Warum wir immer dümmer werden (9)


Konstantin Ziolkovski - fast tauber Vater der sowjetischen Raumfahrt

Als sich jedoch Khomeyni an die Spitze der revolutionären Bewegung setzte, sprengte der Rekurs zum Islam den Rahmen des Symbolischen, er wurde real. Halluzination statt Erinnerung.

Und die Oktoberrevolution? Ausgerechnet diese, ihrem Selbstverständnis nach marxistische Revolution, scheint ganz ohne den - nach Marx für Revolutionen charakteristischen - Rekurs auf vergangene Epochen ausgekommen zu sein. Man könnte hier allenfalls Lenins weltanschauliche Verankerung in den Ideen der Narodniki anführen, Vertreter einer literarischen und sozialrevolutionären Bewegung, die aus der Tradition russischer Bauern schöpften, und von einer Gesellschaft abseits des westlichen Kapitalismus träumten. Aber die Ideen der Narodniki waren zu Lebzeiten Lenins nicht wirklich tot, und mußten - im Unterschied zu den historischen Beispielen, von denen bei Marx die Rede ist - nicht erst wiederbelebt werden.

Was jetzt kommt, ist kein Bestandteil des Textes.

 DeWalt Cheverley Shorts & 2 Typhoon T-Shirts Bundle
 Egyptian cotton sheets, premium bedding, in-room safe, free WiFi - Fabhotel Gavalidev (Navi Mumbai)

In den revolutionären Diskursen im Russland des beginnenden 20. Jahrhunderts finden wir allerdings – und zwar abseits von Lenin - ein überraschendes Äquivalent für die von Marx beschriebenen revolutionären Rückwendungen zur Vergangenheit. In Alexander Kluges zehnstündiger „Verfilmung“ des Marxschen Kapitals, Nachrichten aus der ideologischen Antike, berichtet Boris Groys von den Biokosmisten, einer Gruppe radikaler russischer Denker, die überzeugt waren, daß der Kommunismus so lange unvollendet bleiben würde, solange die Revolution nur die Gesellschaft der Lebenden befreite. Am Ziel sei der Kommunismus erst dann, wenn es der Wissenschaft gelänge, die Toten wieder zum Leben zu erwecken. Die Generationen vor uns, die gelitten hätten, ohne erlöst worden zu sein. Und erst dann, wenn – neben der Abschaffung des gewöhnlichen Privateigentums – auch das „Privateigentum an (Lebens)zeit“ abgeschafft worden wäre, so daß alle Menschen gleich lang – und zwar unendlich lang – leben würden, erst dann sei die Geschichte am Ziel.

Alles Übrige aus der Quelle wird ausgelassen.